The Null Device
Posts matching tags 'david cronenberg'
2004/12/5
The 10 Least Successful Holiday Specials Of All Time (via substitute):
Ayn Rand's A Selfish Christmas (1951)
In this hour-long radio drama, Santa struggles with the increasing demands of providing gifts for millions of spoiled, ungrateful brats across the world, until a single elf, in the engineering department of his workshop, convinces Santa to go on strike. The special ends with the entropic collapse of the civilization of takers and the spectacle of children trudging across the bitterly cold, dark tundra to offer Santa cash for his services, acknowledging at last that his genius makes the gifts -- and therefore Christmas -- possible.
A Canadian Christmas with David Cronenberg (1986)
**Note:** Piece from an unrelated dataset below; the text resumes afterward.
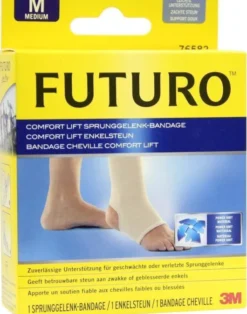 Futuro Comfort Sprungband M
Faced with Canadian content requirements but no new programming, the Canadian Broadcasting Company turned to Canadian director David Cronenberg, hot off his success with Scanners and The Fly, to fill the seasonal gap. In this 90-minute event, Santa (Michael Ironside) makes an emergency landing in the Northwest Territories, where he is exposed to a previously unknown virus after being attacked by a violent moose. The virus causes Santa to develop both a large, tooth-bearing orifice in his belly and a lustful hunger for human flesh, which he sates by graphically devouring Canadian celebrities Bryan Adams, Dan Ackroyd and Gordie Howe on national television. Music by Neil Young.
2003/5/27
Tonight I went to see Spider, David Cronenberg's most recent film, about a mentally ill man recently released from decades in an asylum, finding himself near his childhood home and coming to terms with old memories, and whether or not his father murdered his mother. The main character, Ralph Fiennes, plays an almost silent role, mumbling incoherently to himself, scrawling illegibly in a notebook, skulking about and performing various seemingly irrational actions; soon the film shows him literally visiting the scenes of his childhood (as they are in his mind), invisibly lurking in the background as the dramas play themselves out; the film all falls together in the end, with his quirks all taking on new meanings. The film is set in the bleak working-class London of kitchen-sink films (the photography and sets emphasise the coldness and bleakness very well; the traditional English wallpaper is just one of the details), only rather than literal-minded socialist-realist homily we get a more internal, psychological film. This film is a break from Cronenberg's usual plastic sex-horror, having virtually no special effects in the traditional sense (unless one counts clever quirks of casting).
I'd recommend it. Probably not an ideal date movie, or the thing to see if you're suicidally depressed, but it's a very good portrayal of mental illness. (It'd probably be on my list of Best Schizophrenia Films of All Time, alongside Angels of the Universe.)